I have kept an Arrow-Head (Tetraodon Suvattii) and a Green spotted Puffer (Tetraodon Nigroviridis). I have a few pic's I will add later.


----------



## labmad (Sep 23, 2007)

I used to have a pair of red tail red eye puffers, lil crackers they were


----------



## Nismo75 (Mar 23, 2009)

I had some freshwater tropical dwarf puffers, fantastic wee guys. I also had a valentino puffer when i had my marine tank. Puffers are definitely my fav fish, bags full of character!!!!


----------



## Mujician (Mar 7, 2007)

Ive had a giant puffer, a congo box fish, and some of the small chaps like figure of 8s and pygmies - been ages since i did anything fish wise so i cant quite remember how to spell the scientific names so i wont embarass myself!


----------



## Daniel1 (Apr 13, 2009)

Here is my Green spotted Puffer Tank and a closer pic of the Puffer
















I will put up the Arrow-Head Puffer pic's soon.


----------



## RawrIsDinosaurForILoveYou (Apr 11, 2009)

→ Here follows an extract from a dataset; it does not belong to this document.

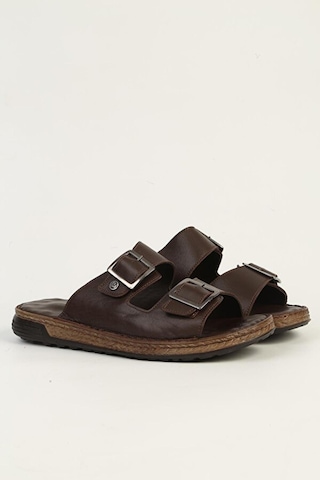 Pierre Cardin Pc-7440 Erkek Deri Terlik Taba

i want some figure of eight ones .....
i love puffers


----------



## BecciBoo (Aug 31, 2007)

This is my tank (that Jake bought me):

















It has 1 Puffer: (Was sold as a figure of eight but Jake thinks its a green spotted)








1 Mono:








1 Sole (Hiding):


----------



## Daniel1 (Apr 13, 2009)

Nice tank and fish Becci. Here is my Arrow-Head Puffer & Tank.


----------



## ern79 (Jul 26, 2007)

ive had mbu's, fahaka, figure 8's, green spotted, red eye red red tail.


----------



## x.froggy.x (Nov 24, 2008)

Hiya, I don't own any puffer fish, as I have a tropical fish tank and not a marine tank. Has anyone got any pictures of their puffer fish, whilest puffed up? (Sorry if i used the wrong term! Lol)


----------



## mask-of-sanity (Dec 27, 2006)

i used to have a mbu and a fahaka............the mbu was rehomed and the fahaka now lives with my eldest son , will get a picture next time i am over there


----------



## Daniel1 (Apr 13, 2009)

Anyone else keep Puffers Fresh, Brackish or Marine ?


----------



## matt748 (Aug 10, 2008)

I have had Palembangs and currently have a young 4inch MBU. He's quality.


----------



## Daniel1 (Apr 13, 2009)

Any pic's.


----------